## Excerpted data
****
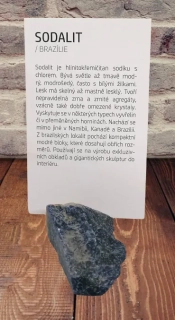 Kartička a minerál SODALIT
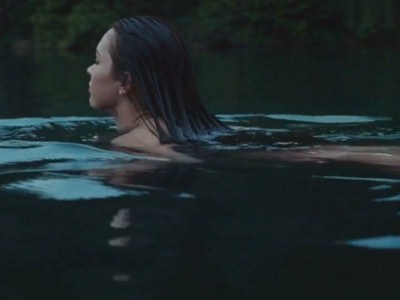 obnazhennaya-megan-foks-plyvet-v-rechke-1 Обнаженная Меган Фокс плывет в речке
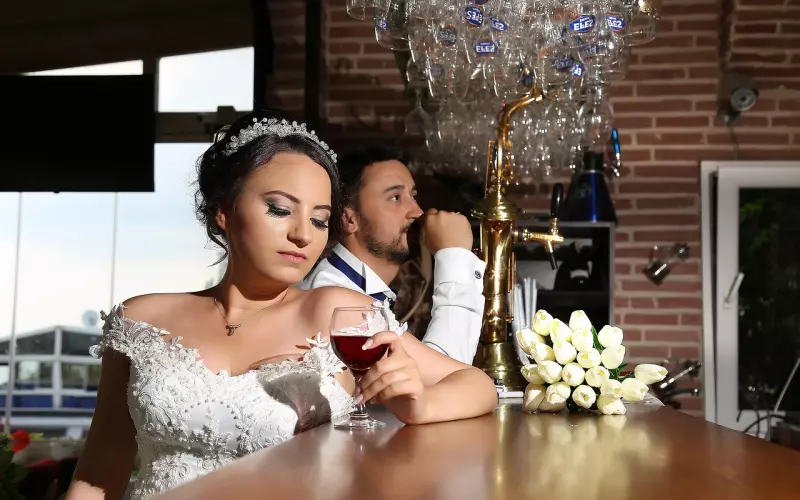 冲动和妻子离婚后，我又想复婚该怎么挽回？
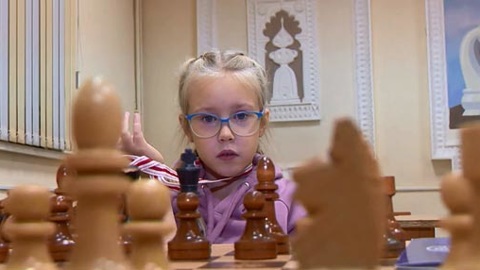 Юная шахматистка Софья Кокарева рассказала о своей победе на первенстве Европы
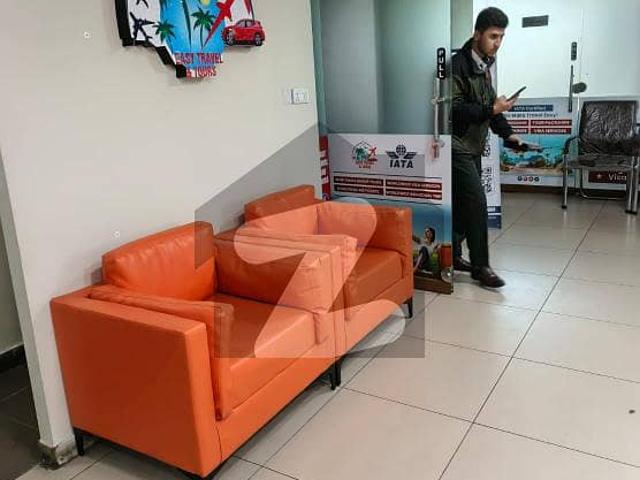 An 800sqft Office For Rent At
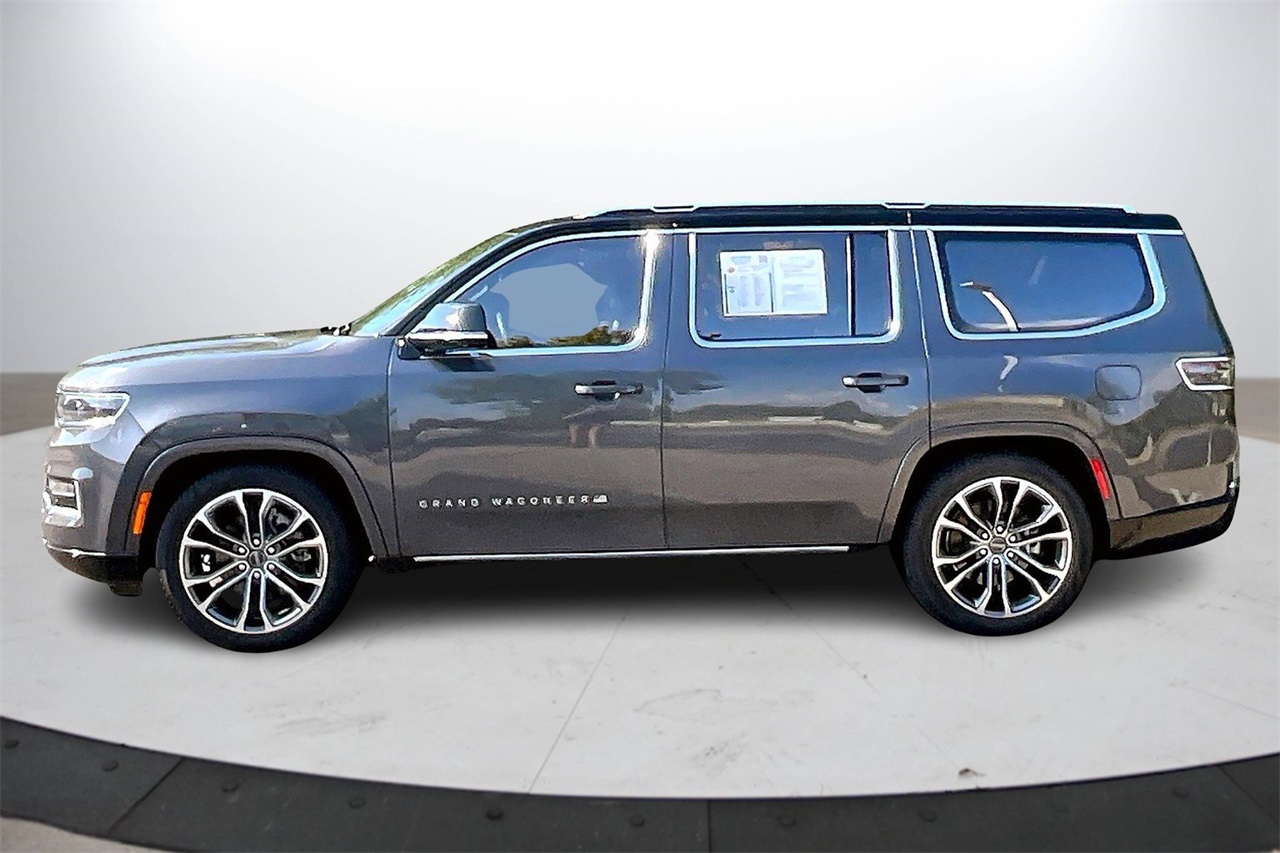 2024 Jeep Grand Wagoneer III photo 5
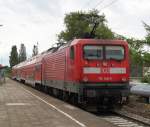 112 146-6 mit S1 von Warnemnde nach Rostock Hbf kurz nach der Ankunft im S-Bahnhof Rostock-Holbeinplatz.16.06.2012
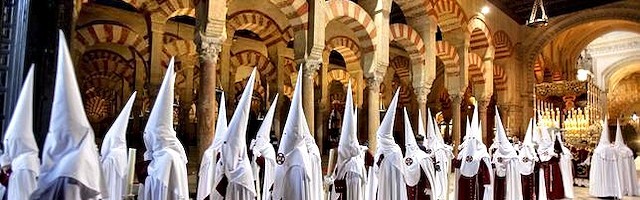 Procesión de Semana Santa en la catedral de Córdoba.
****
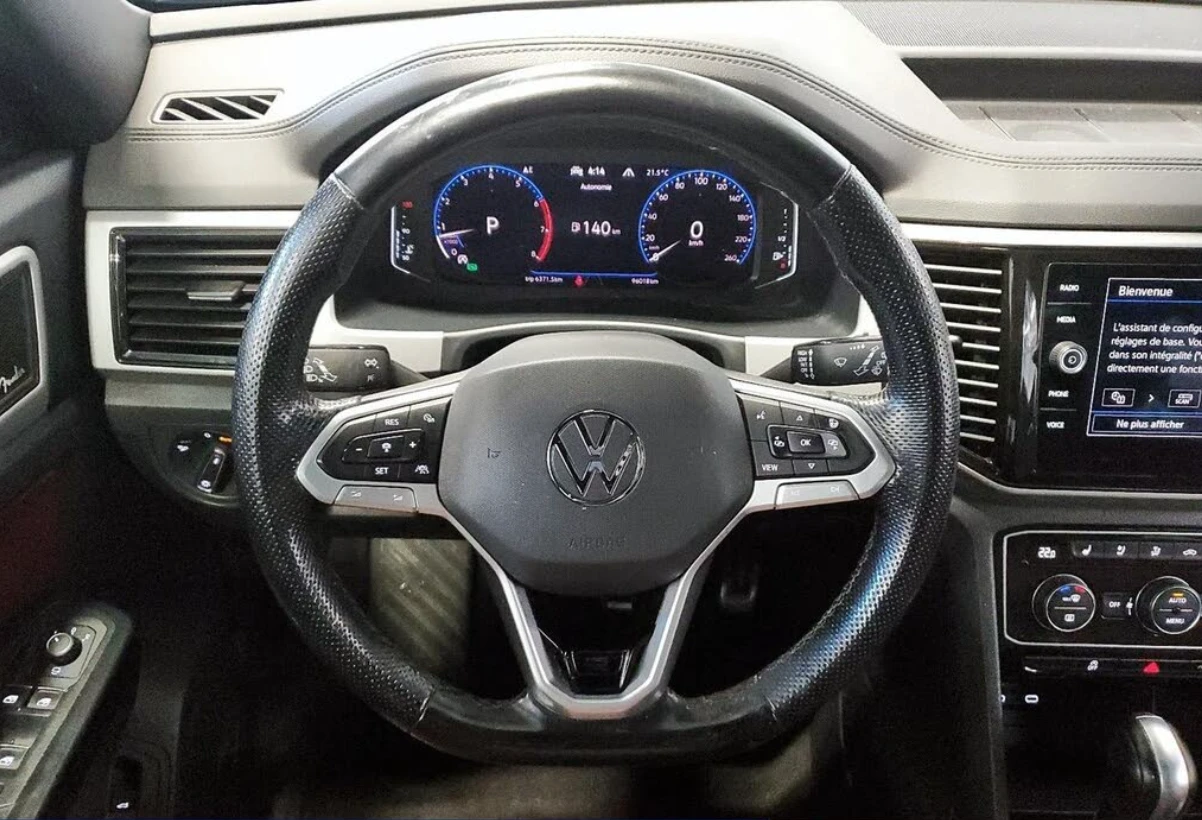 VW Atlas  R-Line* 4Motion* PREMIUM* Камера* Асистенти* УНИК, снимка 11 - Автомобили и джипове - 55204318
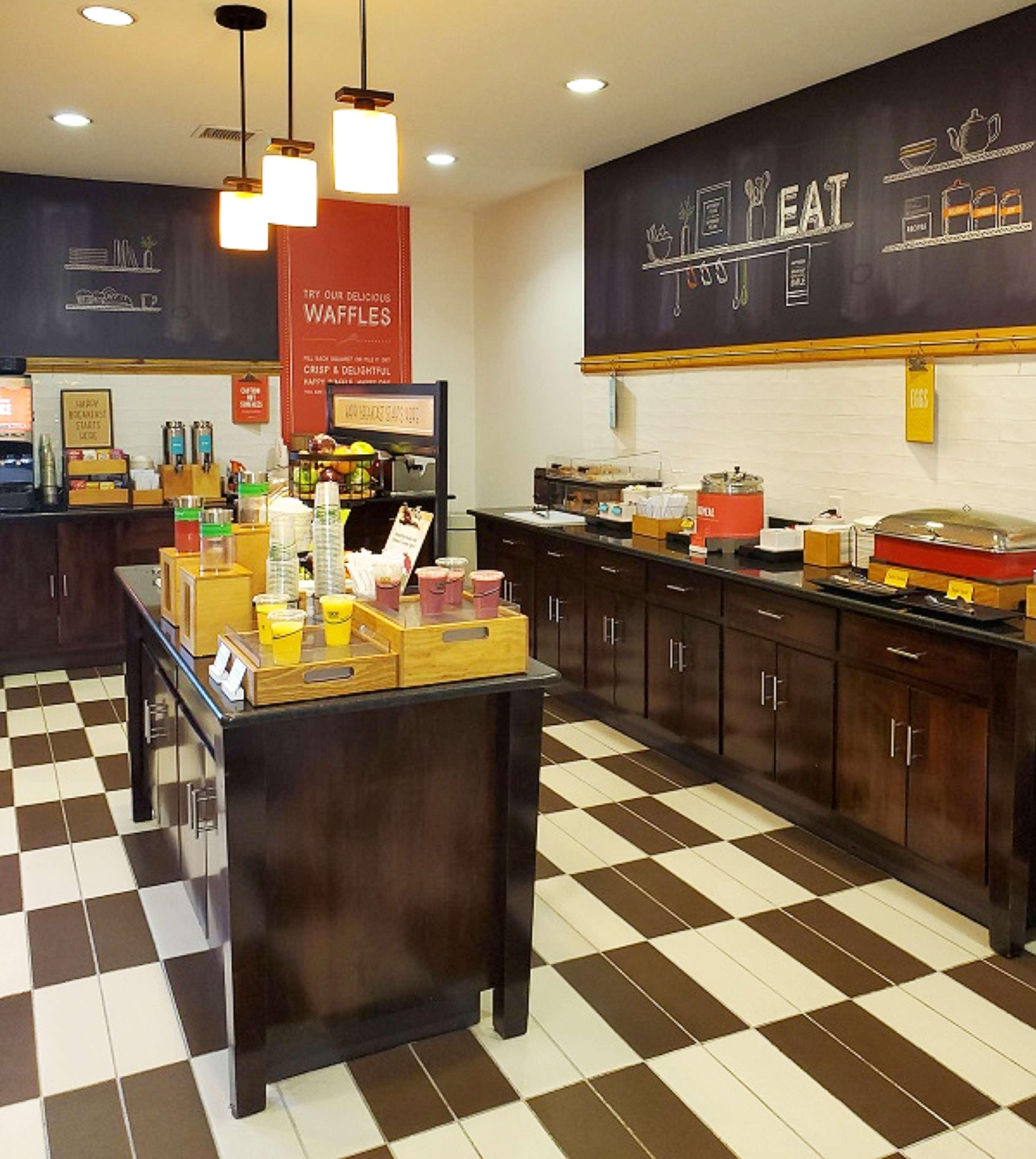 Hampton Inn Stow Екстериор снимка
****
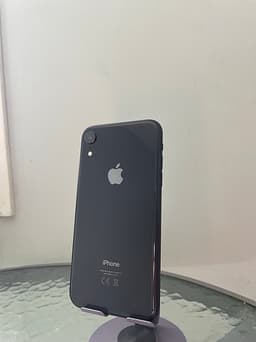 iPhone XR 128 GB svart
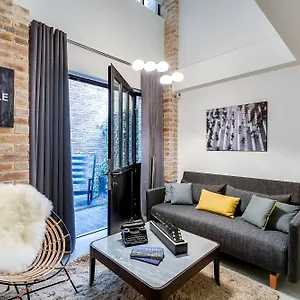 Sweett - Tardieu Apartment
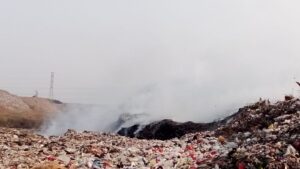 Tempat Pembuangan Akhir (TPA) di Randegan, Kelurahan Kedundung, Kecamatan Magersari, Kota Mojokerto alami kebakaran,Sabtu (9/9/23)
****
## Task goal
Return only the part above that opens with the line containing "Sweett - Tardieu Apartment" and closes with the line containing "Tempat Pembuangan Akhir", exactly and with both ends, skipping the pictures.

## Solution to the problem
 Sweett - Tardieu Apartment
 Tempat Pembuangan Akhir (TPA) di Randegan, Kelurahan Kedundung, Kecamatan Magersari, Kota Mojokerto alami kebakaran,Sabtu (9/9/23)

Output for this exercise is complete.